Col. James Dennis Brady (April 3, 1843 – November 30, 1900) was a U.S. Representative from Virginia.  He was also an American Civil War officer for the North.  In between his public service years, he was a lawyer in private practice.

Early life
Brady was born in Portsmouth, Virginia to Irish immigrant parents Bartholomew and Elizabeth Brady, who had four other children.  His parents died in the 1855 Yellow Fever epidemic, which claimed the lives of approximately 10% of the Portsmouth population.

Civil War accomplishments
Brady enlisted on March 9, 1861 as a private in Company A, 37th New York Volunteers, "Irish Rifles", and with the Irish Brigade.  He was commissioned as Lieutenant then Adjutant, promoted to Captain, Major, Lieutenant and Colonel of the regiment and last named officer honorably mustered out of service on 1865-05-26, claiming to be the "Youngest colonel in the Army of the Potomac."

He fought in all the great battles in which the Irish Brigade was engaged, and commanded "The Color Company" in the Battle of Fredericksburg in 1862.  He suffered four notable injuries including being wounded in the head while leading his company in the assault of the Irish Brigade upon Marye’s heights; in the leg in the second day of the battle of Fair Oaks, the morning that General Howard lost his arm; wounded in the mouth at Malvern Hill; and again wounded in the arm at Cold Harbor 1864-06-03, in which a shot also passed through his abdomen.  Personally complimented by General Hancock at the battle of Fredericksburg on the afternoon that General Zook was mortally wounded. (Brady was with him).

Post-war life
James Brady returned to Virginia after the war, taking home the colors (flag) of the Irish Brigade, as was the tradition.  He later donated the flag to Notre Dame and[?] wrote a book on the flag called Blue for the Union, Green for Ireland. 
							  
Brady was elected Clerk of the Court in Portsmouth and served from 1865 to 1877.  President Hayes appointed Brady Collector of Internal Revenue for the second district of Virginia from 1877 to 1885, and from 1889 to 1900.
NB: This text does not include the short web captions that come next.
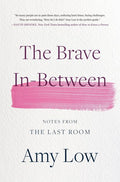 The Brave In-Between: Notes from the Last Room - MPHOnline.com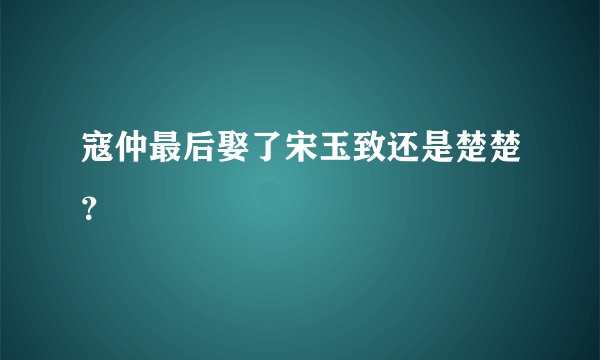 寇仲最后娶了宋玉致还是楚楚？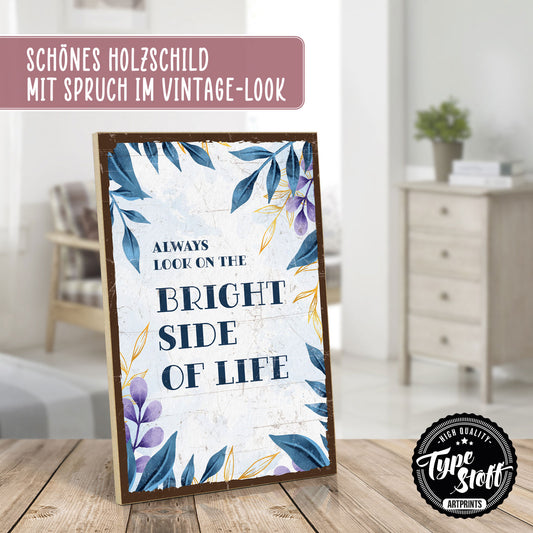 Holzschild mit Spruch - Look on the bright side of life – HS-GH-00926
He served as delegate to the Republican National Conventions, 1880, 1888, and 1896.

He had a successful run for the Senate in 1875 that was overturned due to a ballot stuffing scandal.  But he wrote, "...There is nothing that discourages me... ", and was later elected to the Forty-ninth Congress (March 4, 1885 – March 3, 1887).  He was not a candidate for renomination in 1886.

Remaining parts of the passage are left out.